*Dataset entries*:
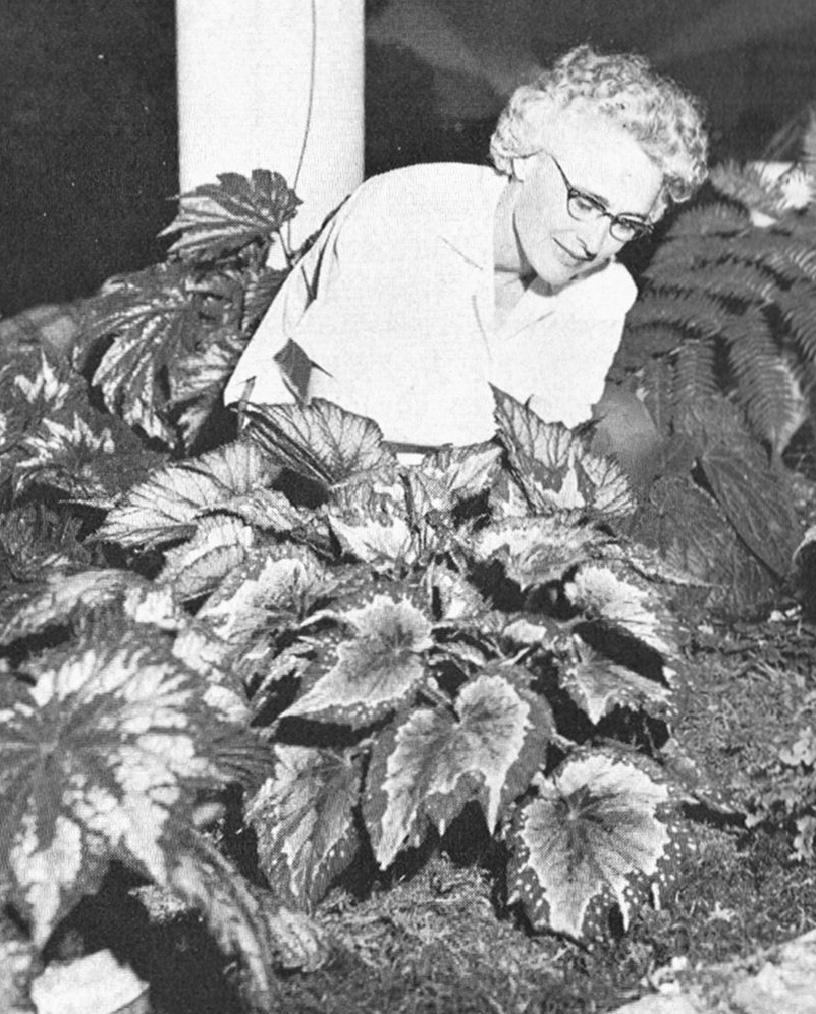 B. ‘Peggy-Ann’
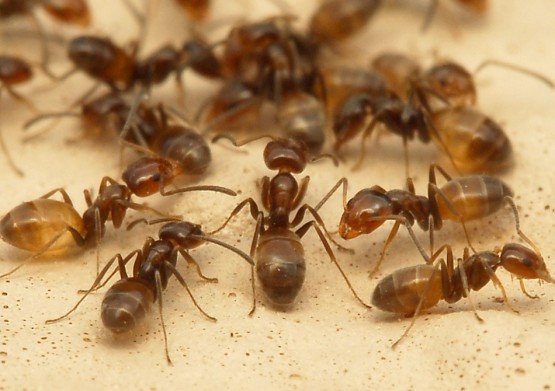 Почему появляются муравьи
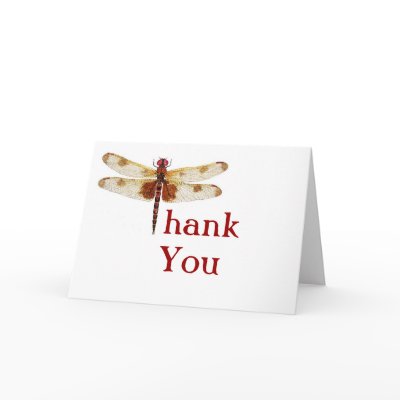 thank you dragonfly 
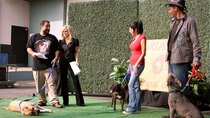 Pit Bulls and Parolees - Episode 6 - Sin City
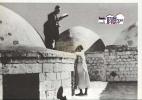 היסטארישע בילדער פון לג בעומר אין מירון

*WORK REQUIRED*:
Could you reproduce exactly, and only, the lines from the one containing "Почему появляются муравьи" through the end of the records above, both included, while leaving out the pictures?

*REPLY*:
 Почему появляются муравьи
 thank you dragonfly 
 Pit Bulls and Parolees - Episode 6 - Sin City
 היסטארישע בילדער פון לג בעומר אין מירון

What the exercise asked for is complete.